» **Data below**:

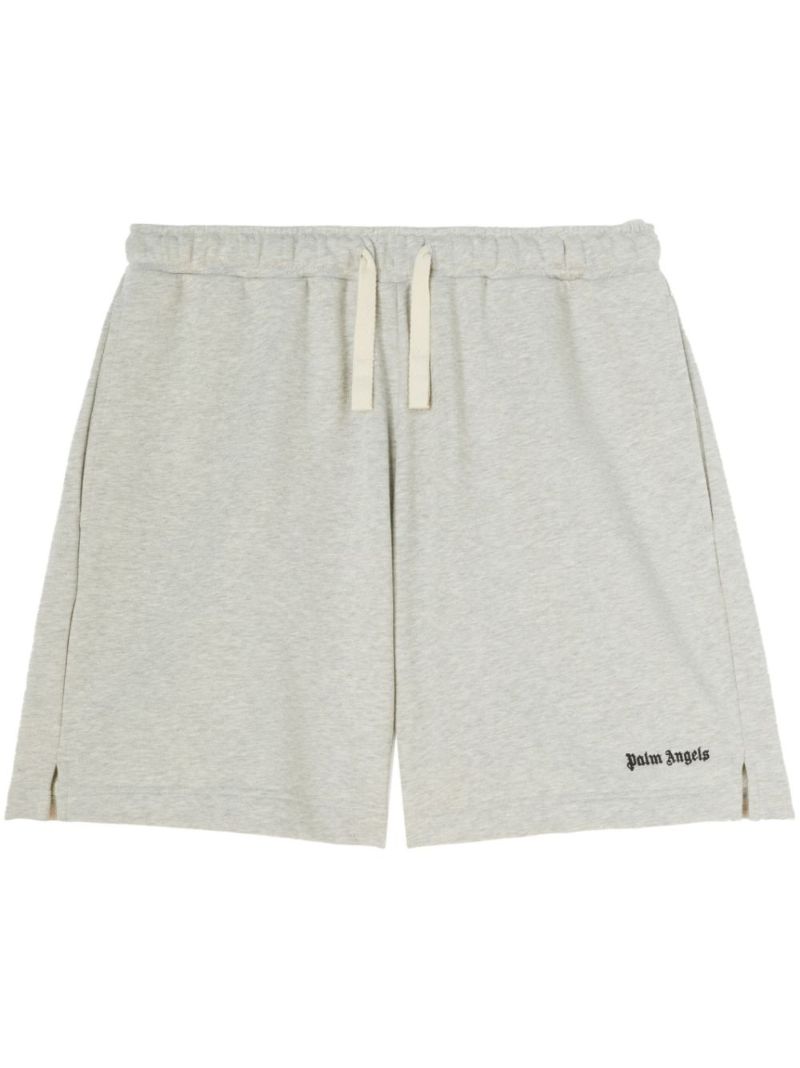 Grey Logo-embroidered Cotton Track Shorts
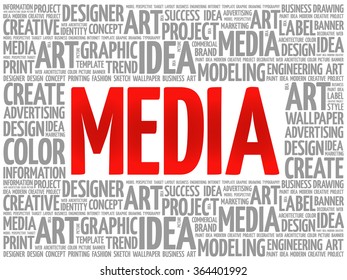 MEDIA word cloud, creative business concept background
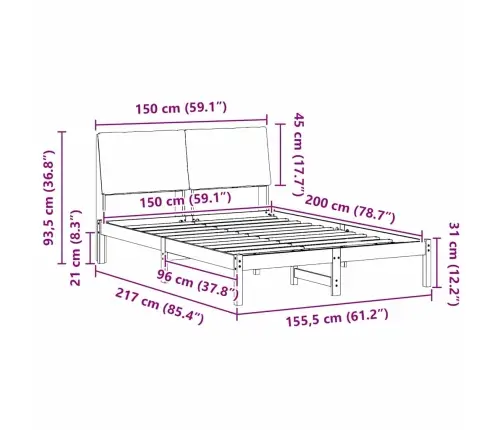 Gultas Rāmis Ar Galvas Klāju Brūns Un Tumši Pelēks 150 X 200 Cm Vidaxl
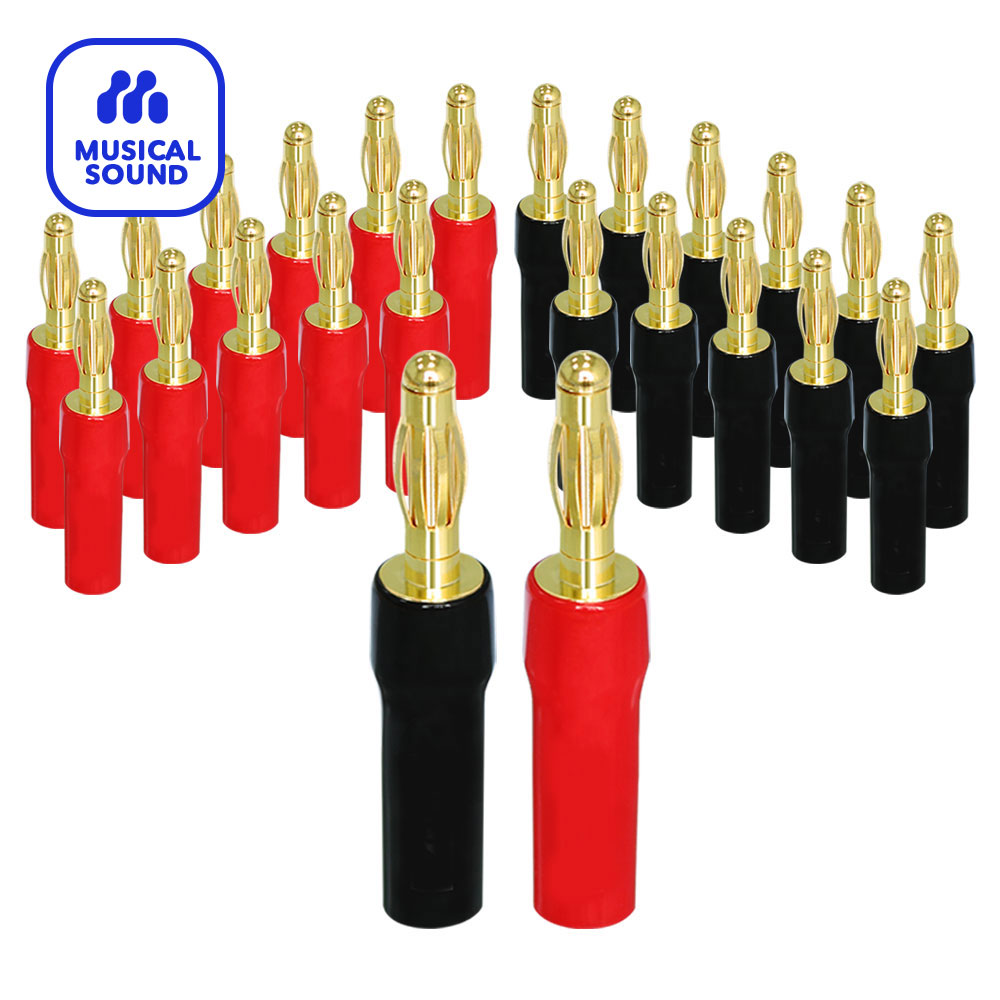 Audio Music Generator - Bananenstecker, Audio-Klinkenstecker, 12 Paar/24 Stück, Schraubverschluss,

» **Problem statement**:
Would you repeat the listing word for word and skip every picture?

» **Written answer**:
 Grey Logo-embroidered Cotton Track Shorts
 MEDIA word cloud, creative business concept background
 Gultas Rāmis Ar Galvas Klāju Brūns Un Tumši Pelēks 150 X 200 Cm Vidaxl
 Audio Music Generator - Bananenstecker, Audio-Klinkenstecker, 12 Paar/24 Stück, Schraubverschluss,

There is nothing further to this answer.